WHAT TO WORK ON:
Nothing but the text should be carried over: reproduce all the data exactly and leave out every image.

INPUT DATA:
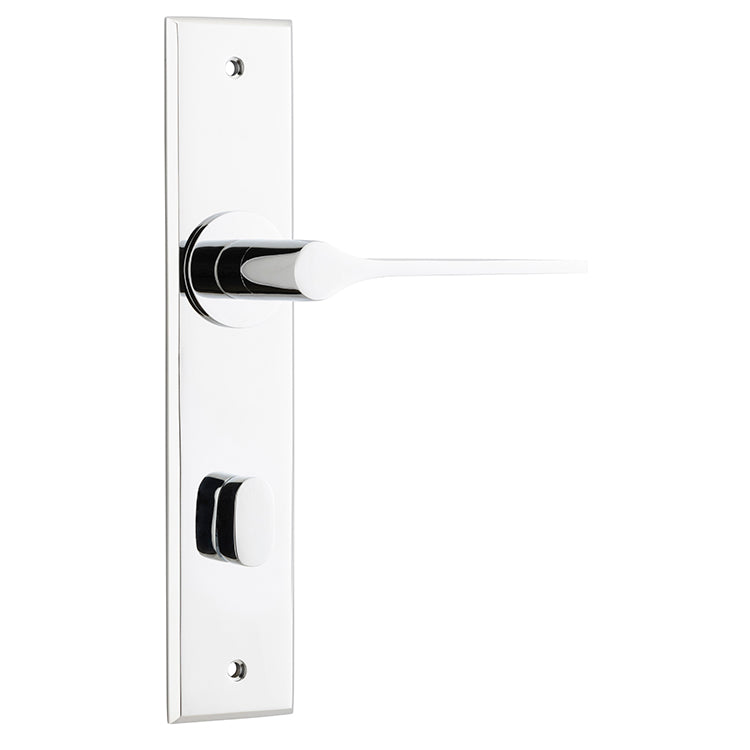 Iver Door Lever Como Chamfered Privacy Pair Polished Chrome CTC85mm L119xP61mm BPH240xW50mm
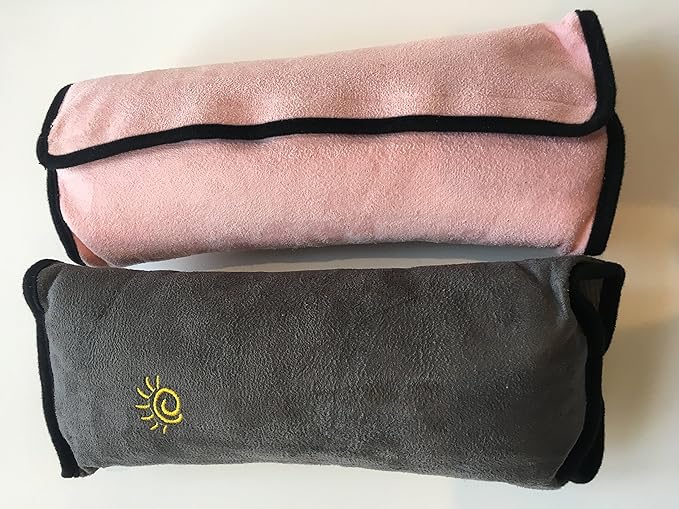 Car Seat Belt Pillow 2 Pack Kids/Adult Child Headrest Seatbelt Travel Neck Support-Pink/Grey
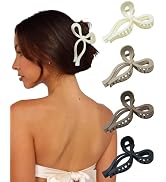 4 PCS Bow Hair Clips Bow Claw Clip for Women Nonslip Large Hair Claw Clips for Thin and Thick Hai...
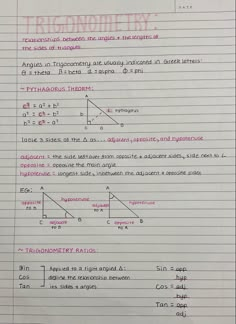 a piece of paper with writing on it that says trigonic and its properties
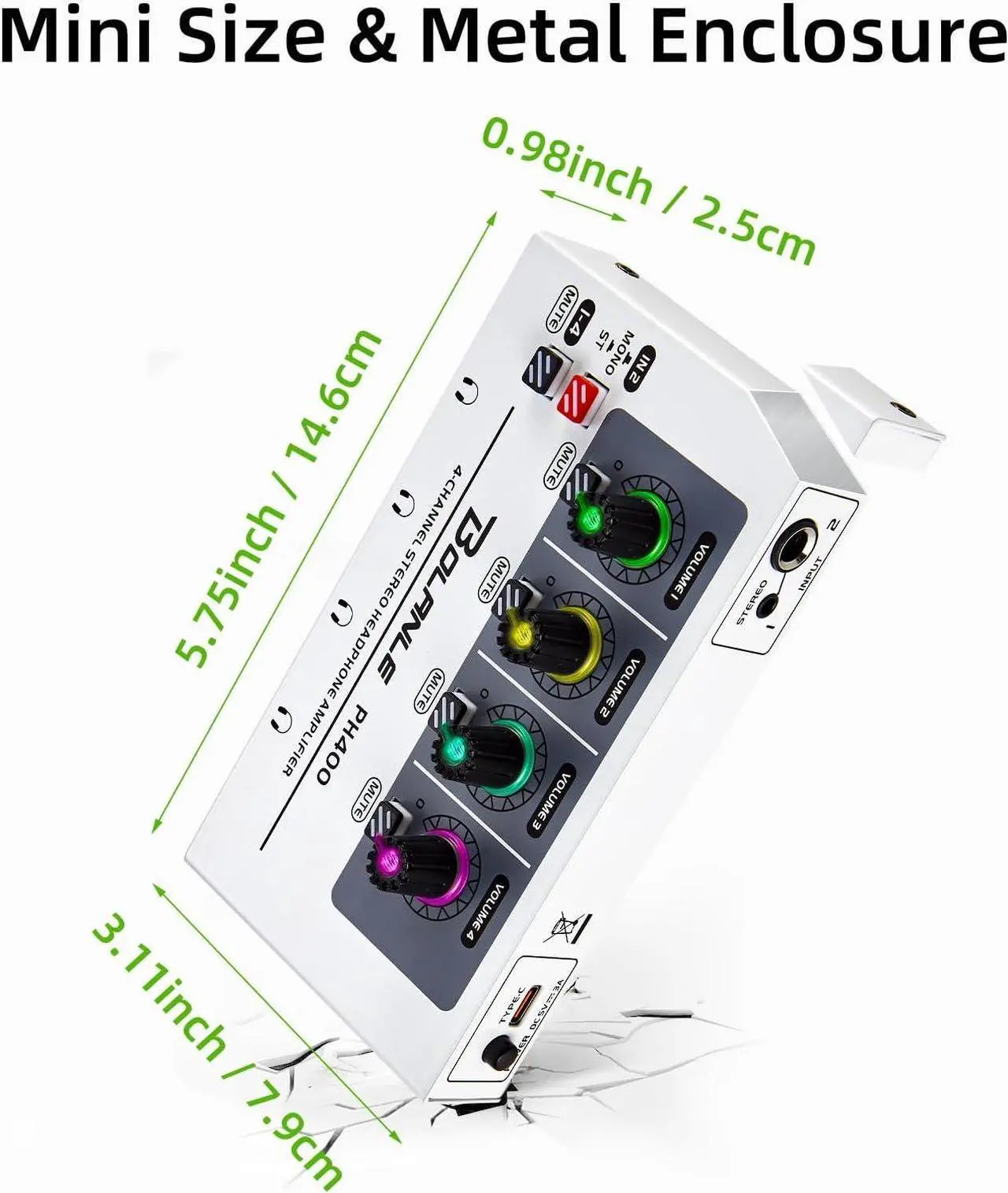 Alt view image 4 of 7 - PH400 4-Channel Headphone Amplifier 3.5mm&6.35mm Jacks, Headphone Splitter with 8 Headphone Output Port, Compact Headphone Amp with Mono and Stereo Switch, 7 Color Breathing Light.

RESPONSE AREA:
 Iver Door Lever Como Chamfered Privacy Pair Polished Chrome CTC85mm L119xP61mm BPH240xW50mm
 Car Seat Belt Pillow 2 Pack Kids/Adult Child Headrest Seatbelt Travel Neck Support-Pink/Grey
 4 PCS Bow Hair Clips Bow Claw Clip for Women Nonslip Large Hair Claw Clips for Thin and Thick Hai...
 a piece of paper with writing on it that says trigonic and its properties
 Alt view image 4 of 7 - PH400 4-Channel Headphone Amplifier 3.5mm&6.35mm Jacks, Headphone Splitter with 8 Headphone Output Port, Compact Headphone Amp with Mono and Stereo Switch, 7 Color Breathing Light.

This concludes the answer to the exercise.